After the legal regulation has been established in Paragraph 12 of Article 5 of the Law on the Guarantee Fund to the effect that, by violating the constitutional principle of a state under the rule of law and the constitutional principle of justice that is inseparable from the former, it unreasonably limits the opportunities of the employees of enterprises in bankruptcy or bankrupt enterprises to receive, in the event of unemployment, the social assistance which is provided for in the Constitution and the Law on the Guarantee Fund, Article 52 of the Constitution is also violated.

II

In the course of the preparation of the case for the Constitutional Court’s hearing, written explanations were received from Mečislovas Zasčiurinskas, a member of the Seimas, acting as the representative of the Seimas of the Republic of Lithuania, the party concerned, in which it is maintained that the impugned Paragraph 12 of Article 5 of the Law on the Guarantee Fund is not in conflict with the Constitution. The position of the representative of the party concerned is substantiated by the following arguments.

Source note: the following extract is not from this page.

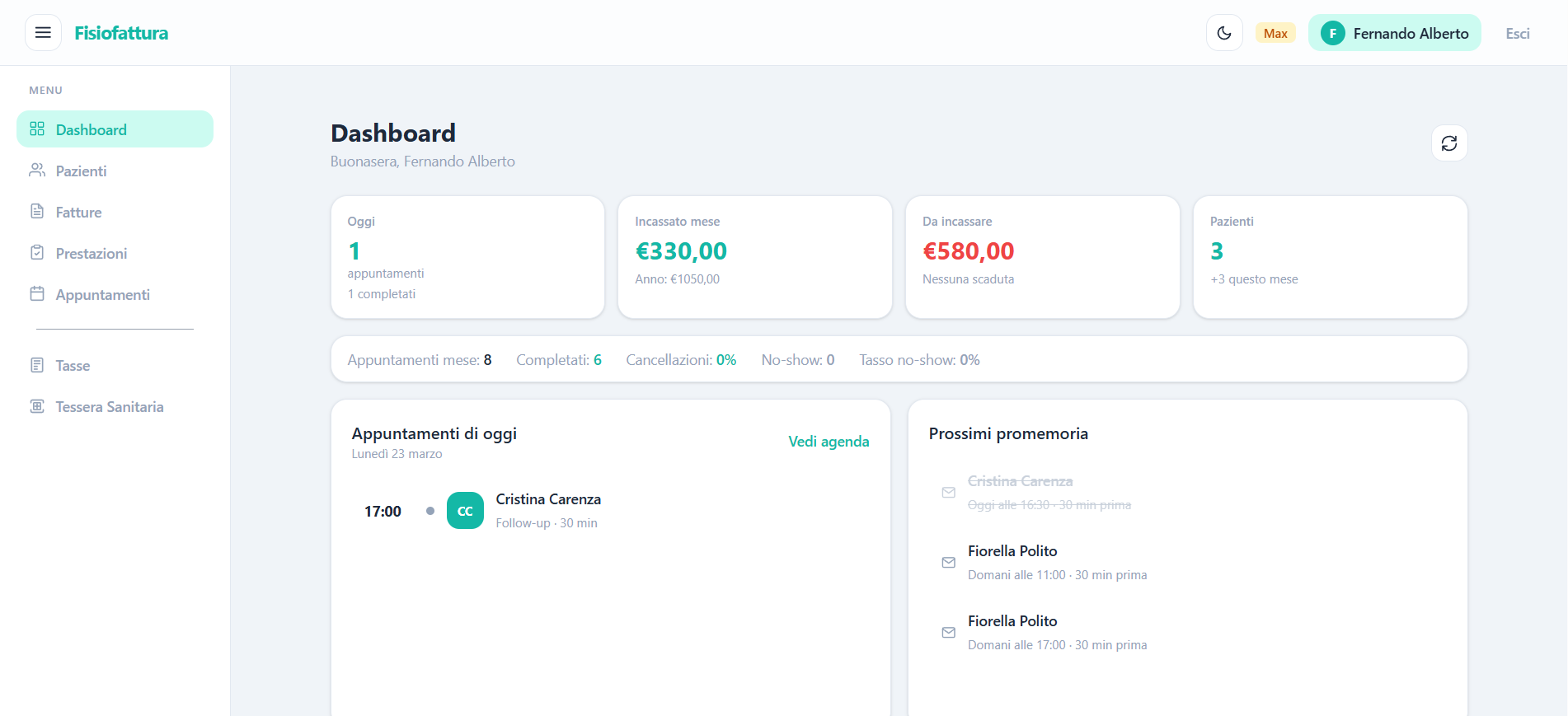 Dashboard Fisiofattura con KPI, appuntamenti e promemoria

  1. The provision of Article 52 of the Constitution that the state guarantees social assistance in the event of unemployment ensures the entirety of legal and economic measures established by the state. In the event of unemployment, a person acquires a right to the payments established in the Republic of Lithuania’s Law on Unemployment Social Insurance which compensate for part of the work income lost due to unemployment. Active labour market policy measures provided for in the Republic of Lithuania’s Law on Support for Employment are aimed at increasing the employability of jobseekers and matching labour supply and demand, whilst the Law on the Guarantee Fund is aimed at ensuring the minimum level of protection for an employee in the event of the insolvency of their employer. This is a supplementary type of social assistance, and the legislature, while taking account of the resources, material and financial capabilities of the state and society, has broad discretion in regulating these relations.

It should be noted that the payments provided for in the Law on the Guarantee Fund are intended to compensate for part of the work remuneration that is not paid due to the insolvency of the employer and for part of the payments related to employment relations (monetary compensation for unused leave, severance pay, lay-off pay, etc.). A person has the right to receive these payments regardless of the fact whether they are unemployed or not, the right to a payment is also granted to those persons who at the same time work under several employment contracts or organise other forms of their occupational activity.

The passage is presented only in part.